Oleh Ndoro Kakung
Jokowi adalah kita. A new hope, kata media. Demikian puja-puji yang pernah keluar dari jutaan manusia, baik di dalam maupun mancanegara.
Ketika Joko Widodo (Jokowi) pertama kali menjabat sebagai presiden pada 2014, ia hadir dengan citra kesederhanaan, ketulusan, dan semangat reformasi yang diharapkan mampu membawa perubahan signifikan bagi Indonesia.
Bagi banyak warga, terutama kalangan bawah dan menengah, Jokowi adalah representasi dari harapan akan pemerintahan yang lebih merakyat.
“Ekspektasi orang-orang sangat tinggi. Itu berbahaya buat saya, jika saya tidak bisa mewujudkan apa yang mereka inginkan, apa yang saya janjikan,” kata Jokowi kepada wartawan TIME saat itu.
Kemenangan Jokowi menandai perubahan penting dalam sejarah politik Indonesia, di mana seorang tokoh yang dianggap “orang biasa” mampu menduduki kursi kekuasaan tertinggi.
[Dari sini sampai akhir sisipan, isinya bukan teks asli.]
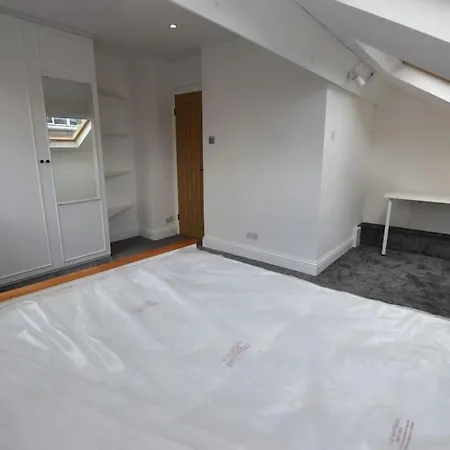 Stunning House In Kirkstall! بيت للعطل *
Seiring berjalannya waktu dan kebijakan-kebijakan yang diambil selama masa pemerintahannya, beberapa warga yang dulu mendukungnya kini merasa kecewa dan bahkan membenci Jokowi setelah ia purnatugas.
Perubahan sikap masyarakat ini menjadi fenomena menarik untuk dianalisis, khususnya dalam konteks bagaimana harapan dan realitas politik berbenturan.
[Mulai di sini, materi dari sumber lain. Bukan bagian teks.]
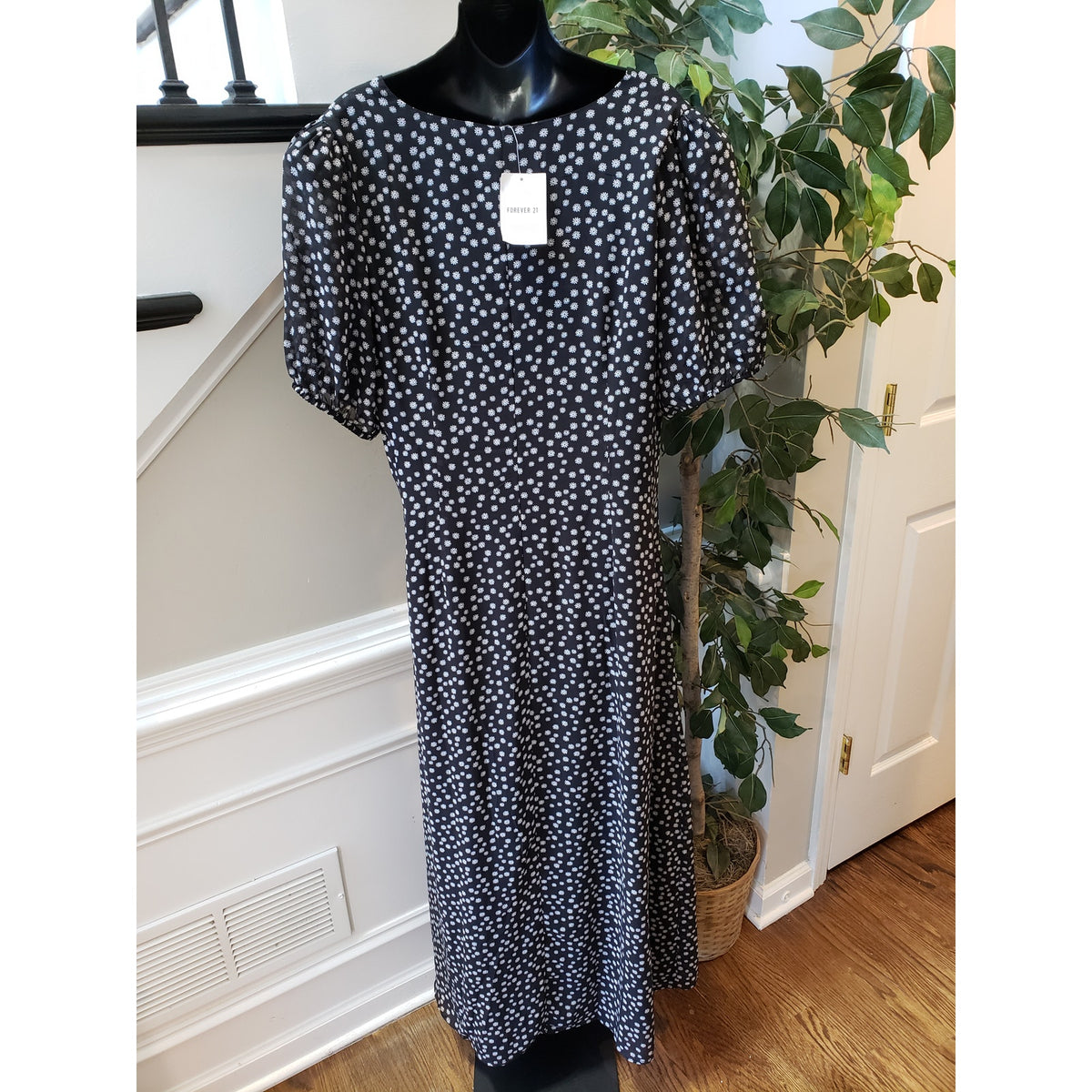 Forever 21 Long Maxi Dress Womens Size OX Black Lined Balloon Sleeve Wrap V Neck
Apa yang menyebabkan perubahan drastis dalam persepsi masyarakat terhadap seorang presiden yang dulu disambut sebagai pahlawan rakyat? Apakah ini sekadar masalah kebijakan yang kontroversial, atau ada dinamika psikologis yang lebih dalam di balik fenomena ini?
Awal Kepemimpinan: Harapan yang Tinggi
Pada awal kepemimpinan Jokowi, banyak warga yang menaruh harapan besar padanya. Sebagai figur yang muncul dari kalangan bukan elite politik, Jokowi dilihat sebagai sosok “bersih” yang dapat memutus rantai kekuasaan yang selama ini didominasi oleh dinasti politik dan pengaruh oligarki.